» Information supplied:
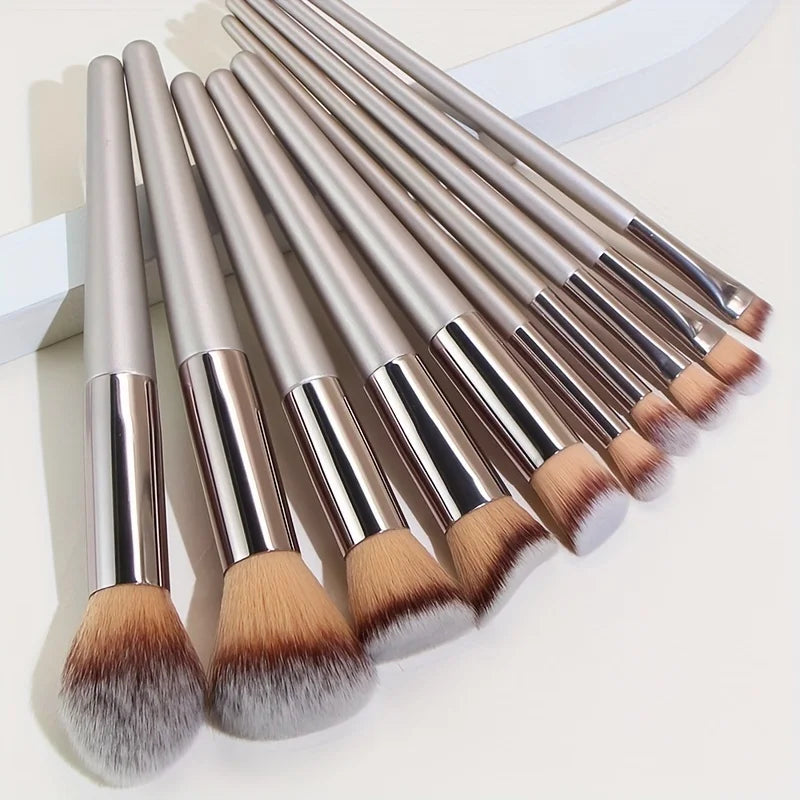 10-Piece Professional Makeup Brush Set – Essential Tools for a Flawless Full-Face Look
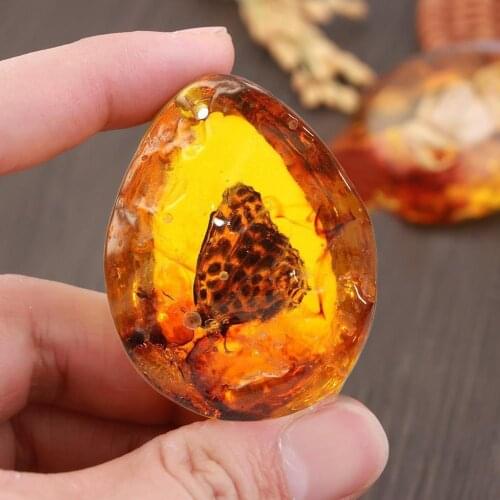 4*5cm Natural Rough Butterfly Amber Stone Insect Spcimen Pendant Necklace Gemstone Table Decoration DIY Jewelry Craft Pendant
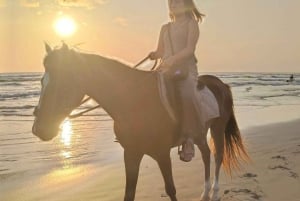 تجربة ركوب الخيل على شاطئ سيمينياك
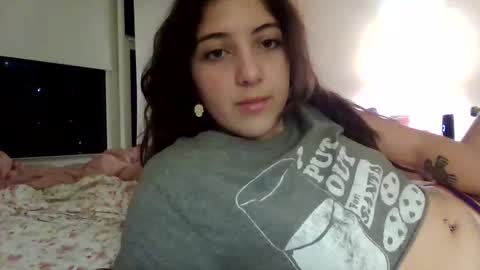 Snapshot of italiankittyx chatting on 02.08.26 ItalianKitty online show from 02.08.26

» Prompt: Reprint the listing above verbatim but drop the images.

» Expected answer:
 10-Piece Professional Makeup Brush Set – Essential Tools for a Flawless Full-Face Look
 4*5cm Natural Rough Butterfly Amber Stone Insect Spcimen Pendant Necklace Gemstone Table Decoration DIY Jewelry Craft Pendant
 تجربة ركوب الخيل على شاطئ سيمينياك
 Snapshot of italiankittyx chatting on 02.08.26 ItalianKitty online show from 02.08.26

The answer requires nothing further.